Who are they? Jingyi Shao is a writer and director, whose latest project is the Disney film, Chang Can Dunk.
- The story follows Bernard Chang, a 5-foot-8-inch high schooler in the marching band, who makes a bet with his school’s top jock that in just 12 weeks, he’ll be able to dunk a basketball.
- Chang’s mission to prove himself to his peers and subvert their expectations is one that is personal to Shao. He says the inspiration for the film and many of the themes are drawn from his own experiences growing up in New Jersey.
What’s the big deal? Though the premise is pretty straightforward, the plot touches on many elements others may identify with: Chang trying to earn the respect of his peers as an Asian American and novice athlete; struggling to gain his single immigrant mother’s understanding; and believing in himself enough to achieve his goal.
- Shao explains how representation is intertwined with self-perception: “Watching this film, if you’re an Asian American or if you’re another person who’s a minority, there’s another layer to that. When people watch this film, I want them to think about their own self-perception, because I think that is almost as important as other people’s perceptions of you. I think that stereotypes are really powerful because we’re scared that they might be true.”
- It’s also another story focused on providing a new perspective on the Asian immigrant experience in the United States, hot on the trail of the groundbreaking Everything Everywhere All At Once Oscars sweep.
- In 2021, USC’s Annenberg Inclusion Initiative published a study that analyzed 1,300 films from 2007-2019. The results showed that from 51,159 speaking characters, just 5.9% of them were Asian or Pacific Islanders.
Want to hear more from Shao? Listen to the NPR interview by clicking or tapping the play button at the top.
Stephanie Mei-Ling/Stephanie Mei-Ling
What are they saying? Shao spoke to NPR’s Ailsa Chang (who insists that she cannot dunk) about the process of making the film.
On the significance of ~the dunk~
From a screenwriter’s perspective, you’re always looking for a metaphor that’s really simple and also universal.
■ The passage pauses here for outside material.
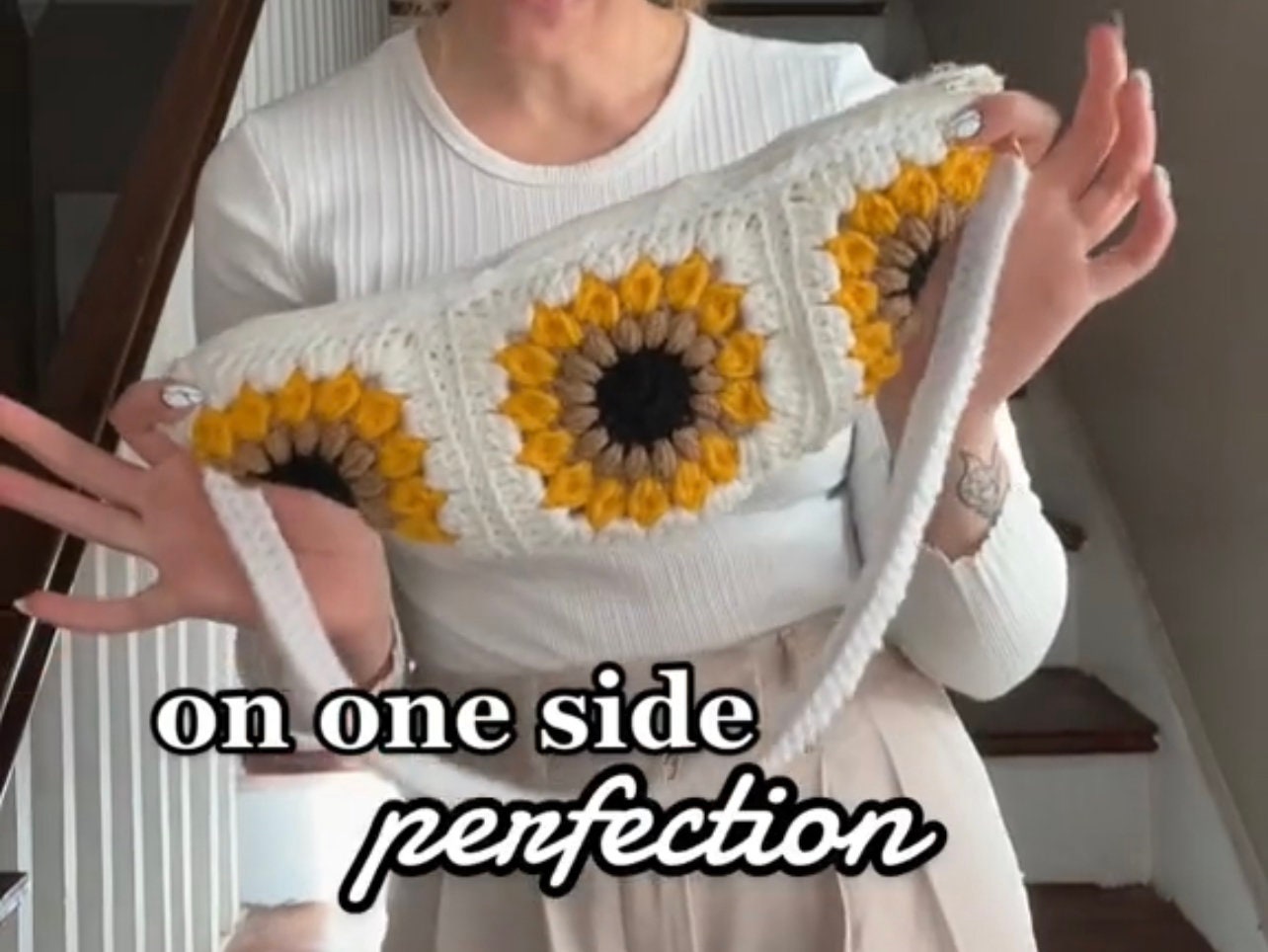 Sunflower and Sunshine Crochet CrossBody Bag - PATTERN ONLY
I mean, everyone that walks by a hoop wants to dunk. And the dunk is such a powerful, top three sports move. There’s a home run, there’s a knockout in boxing, and then there’s the slam dunk. And it’s like [an] athletic feat. It’s not something a lot of people can do. And it brings all the attention to that person and it riles up the crowd.
And when I saw that, I think all these questions of Asian Americans coming into our own, discovering ourselves, trying to fulfill our dreams and reaching for this goal with all these obstacles in the way, the dunk seems to be just a super simple metaphor. Yeah, it’s 10 feet, it’s there, you jump up and you do it or you don’t. But at the same time, you’re weighed down by invisible things.
On his own relationship to the story:
When I create stories, I try to relate it to personal experience. And so Chang is Asian because I’m Asian. Growing up, I tried my hardest not to think of things that way. I tried to convince myself that I was just me and race didn’t matter. But at a certain point, you do come across these things that people perceive of you, and you’re running up against these barriers and you’re trying to prove them wrong in different ways, not just to everyone else, but to yourself. So for this character to be Asian, I think that the whole thing of trying to disprove other people’s beliefs of you, or you’re trying to be cooler in school, is a universal thing.
So, what now?
- Shao recalls watching sports movies growing up, and never quite identifying with the challenges faced by the protagonists. He hopes that his film will create space for kids who grew up like him.
- Chang Can Dunk is available to stream on Disney Plus.